Newcastle disease virus (NDV) vectors have been frequently used in preclinical cancer therapy studies due to their oncolytic activity [72]. Although NDV vectors expressing IL-2 showed promise, comparative studies with the less toxic IL-15 have been conducted. Intratumoral injection of NDV-IL15 and NDV-IL2 in melanoma-bearing mice showed efficient suppression of tumor growth [72]. However, the 120 day survival rate was 12.5% higher after NDV-IL15 treatment than that of NDV-IL2. Likewise, the survival rate was 26.6% higher for NDV-IL15 treatment in a tumor rechallenge experiment. In another study, reverse genetics were employed on the oncolytic NDV D90 strain to generate recombinant NDVs carrying the GFP gene [73]. The rescued virus showed tumor-selective replication and induced apoptosis in tumor cells in athymic mice with implanted lung tumors.
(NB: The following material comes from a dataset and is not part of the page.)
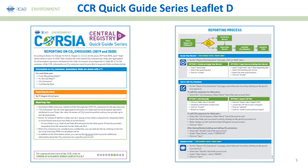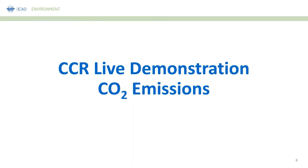This whole process is further explained in the CCR Quick Guide Series Leaflet D, which was sent to you last week. This leaflet is intended to provide a very concise step-by-step guide as well as reporting tips on what you should remember and how to report CO2 emissions. This will be quite handy later this year when you prepare to submit CO2 emissions data to ICAO by the end of August. If you have any feedback on this document, feel free to reach out by chat or email.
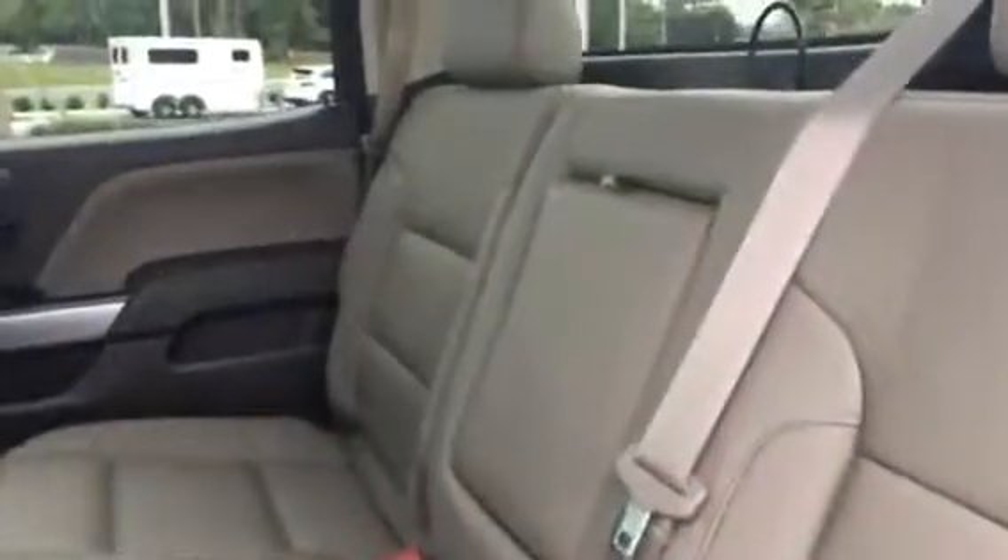The back seat has plenty of space for three. So depending on what you want to use this truck for, you can certainly carry quite a few people in it. It's got rubber mats in the back, and as you can see, it is in like-new condition.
It has also been demonstrated that expression of IL-2 and tumor necrosis factor-related apoptosis inducing ligand (TRAIL) enhanced inherent antineoplasticity by inducing apoptosis [74]. The NDV-TRAIL and the bifunctional NDV-IL2-TRAIL showed superior apoptotic function in comparison to NDV-IL2. Moreover, CD4+ and CD8+ proliferation was induced and expression of TFN- and IFN- antitumor cytokine expression was elicited. The NDV-IL2-TRAIL also exhibited prolonged survival in mice implanted with HCC and melanoma xenografts. In another study, the NDV Anhinga strain was applied for the expression of soluble TRAIL (NDV/Anh-TRAIL), which resulted in efficient suppression of HCC without significant cytotoxicity [75].
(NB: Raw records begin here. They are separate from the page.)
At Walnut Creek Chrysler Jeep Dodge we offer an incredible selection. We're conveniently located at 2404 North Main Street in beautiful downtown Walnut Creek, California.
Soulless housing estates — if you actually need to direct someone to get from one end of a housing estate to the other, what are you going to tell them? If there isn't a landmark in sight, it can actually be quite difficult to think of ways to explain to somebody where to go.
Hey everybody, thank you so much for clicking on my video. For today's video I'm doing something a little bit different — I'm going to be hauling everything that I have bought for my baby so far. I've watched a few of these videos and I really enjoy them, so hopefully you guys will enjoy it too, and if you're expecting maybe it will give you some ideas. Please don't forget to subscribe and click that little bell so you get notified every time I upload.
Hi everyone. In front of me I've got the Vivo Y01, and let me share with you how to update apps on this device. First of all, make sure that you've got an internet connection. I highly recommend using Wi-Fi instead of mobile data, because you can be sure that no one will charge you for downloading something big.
Coxsackieviruses have been used for several gene therapy applications [23]. For instance, the coxsackievirus B3 (CVB3) expressing the human fibroblast growth factor 2 (FGF2) was injected into ischemic hindlimbs of mice showing protection from ischemic necrosis [76]. The treatment improved the blood flow in ischemic limbs for more than 3 weeks. Moreover, the recombinant CVB3 showed a drastic decrease in virulence compared to wild type CVB3. Related to cancer, Coxsackievirus A21 (CAV21) expressing intercellular adhesion molecule-1 (ICAM-1) and decay-accelerating factor (DAF) reduced tumor burden in nonobese SCID mice implanted with melanoma xenografts [77]. A single administration of CAV21 was sufficient to provide efficient oncolysis and the systemic spread of CAV21 showed efficient regression in tumors distantly located from the site of viral injection. Furthermore, the same CAV21 vector was evaluated in SCID mice implanted with T47D and MDA-MB-231-luc breast tumor xenografts [78]. A single intravenous injection generated significant regression of pre-established tumors and also targeting and elimination of metastases. Furthermore, intravenous injection of CVA21 expressing ICAM-1 and DAF in combination with intraperitoneal injection of doxorubicin hydrochloride provided significantly enhanced tumor regression in comparison to either virus or drug alone in mice with implanted MDA-MB-231 tumors [79]. Related to prostate cancer, the low pathogenic enteroviruses, CVA21, CVA21-DAFv, and Echovirus 1 (EV1), were tested in SCID mice [80]. Systemic delivery induced regression of tumor xenografts and a therapeutic dose-response was obtained for escalating doses of EV1 in the LNCaP mouse model.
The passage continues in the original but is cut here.